Majority: Speaker’s refusal to release Madina MP to Police worrying

The Majority caucus in Parliament has expressed disappointment in the Speaker of the House, Alban Sumana Kingsford Bagbin, for refusing to release their Madina colleague, Francis-Xavier Sosu, to assist the Police with investigations into alleged offences committed during a recent demonstration in his constituency. 

According to the caucus, the decision by Mr Bagbin sets a bad precedent and a departure from how his predecessors handled such situations. 

Mr Bagbin, on October 28, turned down a request by the Police in a letter to him a day earlier for the first term lawmaker to be released for investigations into a demonstration he led; a demonstration the Police said turned violent. 

“I am directed by the Rt. Hon Speaker to inform you that proceedings for the Third Meeting of the First Session of the Eighth Parliament commenced on Tuesday, October 26, 2021, and having regard to the limitations of Article 117 and 118 of the 1992 Constitution of the Republic, he is unable to release the Member of Parliament as requested in your letter (of October 27, 2021),” the letter signed by Nana Tawiah Okyir, Deputy Director, Legal, Parliamentary Service, said. 

But in a statement issued in Accra yesterday by the Second Majority Whip and MP for Tolon, Habib Iddrisu, the caucus said the decision by the Speaker was “troubling.” 

“The Majority leadership views the foregoing response by Mr Bagbin as a troubling departure from how his predecessors handled such requests,” it said.

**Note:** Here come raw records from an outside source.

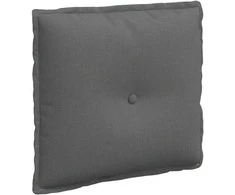 Apsaugos Pagalvė Tamsiai pilka 50 x 19 x 45 cm audinys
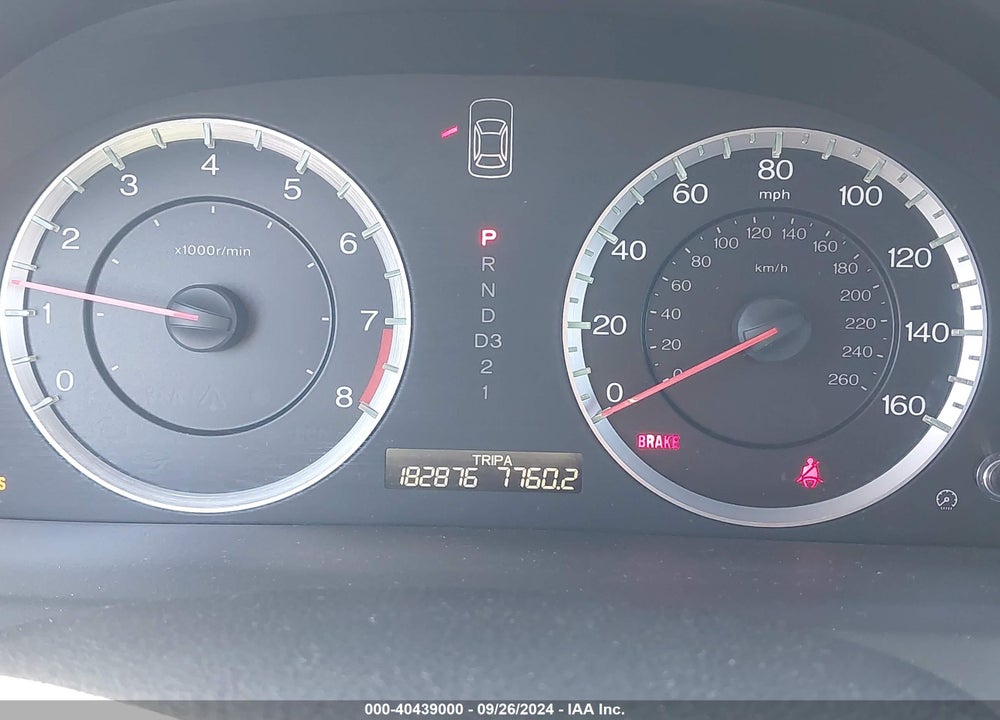 2010 HONDA ACCORD 2.4 EX VIN: 1HGCP2F71AA185407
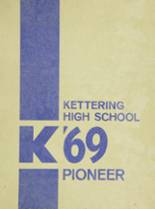 Kettering High School 1969 yearbook cover photo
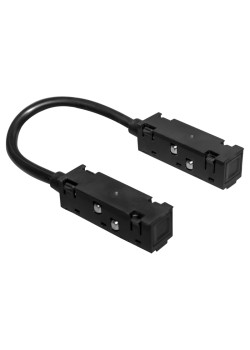 Коннектор питания/ Коннектор питания TRM20-CPC-B угловой для магнитной трековой системы NOVA 48V черный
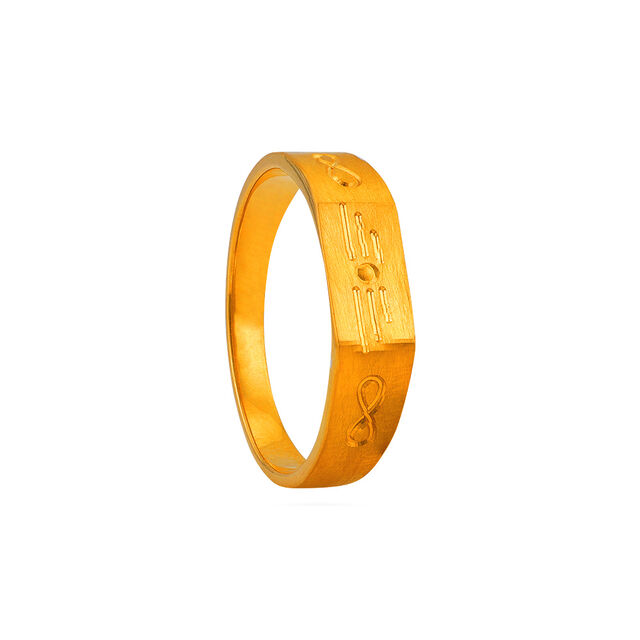 Celestial Delicate Antique Gold Ring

The statement recollected that when previous speakers, Joyce Bamford Addo and Edward Doe Adjaho received such requests, they responded by inviting the relevant MPs, held discussions with them and asked them to avail themselves to the investigative bodies. 

Speaker Aaron Mike Oquaye, the statement said, modified the arrangement including making his conference room available to the police to meet the MPs they were interested in to conduct their initial investigations; a move the statement said was to protect the dignity of the MPs. 

At all these times, the statement said Mr Bagbin, then MP for Nadowli/Kaleo, was part of leadership and was privy to these arrangements. 

“Now Speaker of Parliament, Rt Hon Bagbin, appears to be instituting new rules that seem to undermine the rule of law without any prior discussion with the leadership of the House. We ask: What exactly has changed?” 

In the view of the caucus, the constitutionally guaranteed immunity of MPs in any democracy must not only be protected always but “jealously guarded as well. However, never should we, as a Parliament, make the mistake of allowing immunity to be construed to mean impunity.” 

The caucus contended that with the Sosu case under reference, the House has a constitutional, legal and moral duty to co-operate and collaborate with the police to ensure that the rule of law prevailed. 

“Parliament must not be seen to be creating a false regime of two separate laws in Ghana – one for MPs and another for non-MPs. Instead, Parliament must ensure the equality of all citizens, including MPs, before the law.” 

Responding to the statement, however, the First Deputy Minority Whip, Ibrahim Ahmed, described the conduct of their colleagues on the opposite side of the divide as a stab in the back because there was a resolution for both sides with other external institutions to meet and look at the way forward. 

“We are already opposition and ever ready to support our brothers on the other side to govern the country but when you are not ready for the support and you are now attacking Mr Speaker, so how do we support you? Mr Ahmed said at the commencement of sitting and asked the Second Deputy Speaker who was presiding to call the Majority caucus to order.